Proverbs 8.1-4, 22-31; Romans 5.1-5; John 16.12-15
Almighty and everlasting God, you have given us your
servants grace, by the confession of a true faith, to acknowledge
the glory of the eternal Trinity and in the power of the divine
majesty to worship the Unity: keep us steadfast in this faith, that
we may evermore be defended from all adversities; through Jesus
Christ your Son our Lord, who is alive and reigns with you, in the
unity of the Holy Spriit, one God, now and for ever. Amen.
IF YOU go up a narrow, wooded lane, off a B-road in
Northumberland, you find a tiny stone church, which was built in
1107. Nothing prepares you for what you see inside on an overcast
day, when the dark nave is effectively invisible, and your eyes are
drawn to the beautifully lit, tiny apse.
"Holy, Holy, Holy, Lord God of Hosts" is inscribed above the
gold altar frontal, below a starry ceiling. Old Bewick Church is a
window into the Trinity, because the only appropriate response is
to worship, to join the angels' cry: "Holy, holy, holy."
Sadly, many preachers dread Trinity Sunday, feeling (rightly)
unequal to the task of explaining the Trinity. But the Trinity is
not a concept to be explained intellectually: the Holy Trinity is
God to be worshipped. The worshipping approach to Trinity Sunday
yields something far richer and more wonderful than attempts at
explanation using inadequate illustrations.

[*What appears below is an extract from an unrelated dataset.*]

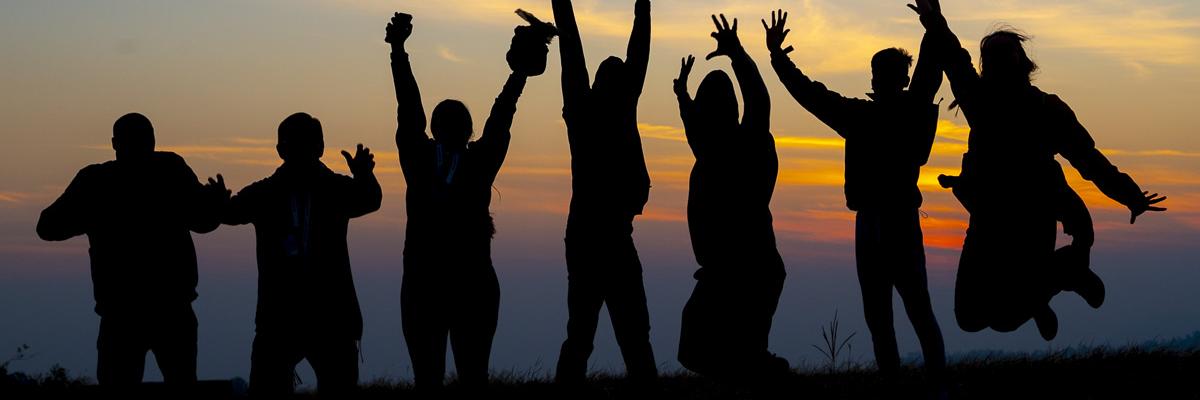 Leaping people in silhouette against sunset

Gospel readings in recent weeks have emphasised abiding in
Christ, and thus, in him, our relationship with God the Father and
God the Holy Spirit. The Orthodox Churches emphasise this through
their understanding of the divinisation of humanity in Christ, who
has taken his humanity into the life of the Godhead.
Through abiding in Christ, humanity shares the life of God, not
becoming God, but being drawn into the life that the Son shares
with the Father and the Holy Spirit. The Greek word is
perichoresis, and one way to understand it is through the
language of the dance of God, as Father, Son, and Holy Spirit
respond to one another in love. In Christ, we are bidden to join
the dance: in George Herbert's famous words, "Love bade me
welcome."
This invitation to participation is a lovely frame for
reflection on Trinity Sunday's readings. Jesus's words about the
life of God into which his disciples were being drawn continue with
his assurance that his departure from them was but the doorway to a
new beginning. The Holy Spirit would guide them and glorify Jesus
to them.
In Proverbs, Wisdom calls us wherever she can waylay us - on
mountains, roadsides, by city gates, by the entrance to the Temple
- calling us to find her, and thus find life and favour from the
Lord.
Paul reiterates that it is through Jesus Christ that we have
access to the grace in which we stand, and can boast of our hope of
sharing the glory of God, experiencing (sometimes through
suffering) that God's love is poured into our hearts through the
Holy Spirit that has been given to us.
Our worship of God as Trinity flows from who God is, and it is
enabled by the joyful miracle of our relationship with God through
Jesus Christ. We call God "Father" only because Jesus called him
"Father". Always, always, Trinity is about the life and love of
God, and the invitation, indeed bidding, to participate.
Today's collect is strong on doctrine, as the Church needs to
be, because within that frame of orthodox belief we are liberated
to worship. In the fourth century, faced with the Arian heresy,
which denied the divinity of Christ and thus that there are three
Persons in one God, the Church not only developed its Creeds, but
concluded its prayers and hymns with a Trinitarian ascription.
In the century after that, the Athanasian Creed expounded the
doctrine of the Trinity more fully, while retaining a realm of
mystery in its language, as it tried to give voice to wonders
beyond human comprehension: "And the Catholick faith is this: that
we worship one God in Trinity, and Trinity in Unity; Neither
confounding the Persons: nor dividing the Substance." The salient
word is "worship", and no wonder this creed ends with the
Gloria.
If Pentecost is about language's transcending human constraints
to proclaim the wonders of God, Trinity is about the limits of
language to express our worship. The collect uses language of glory
and majesty to call us to worship, and Old Bewick Church proclaims
"Holy, holy, holy" as the adoring response.
So, on Trinity Sunday, hymns such as Reginald Heber's "Holy,
holy, holy" and John Mason's "How shall I sing that Majesty"
express our response, when language surrenders to transcendence: we
are called to be "lost in wonder, love and praise".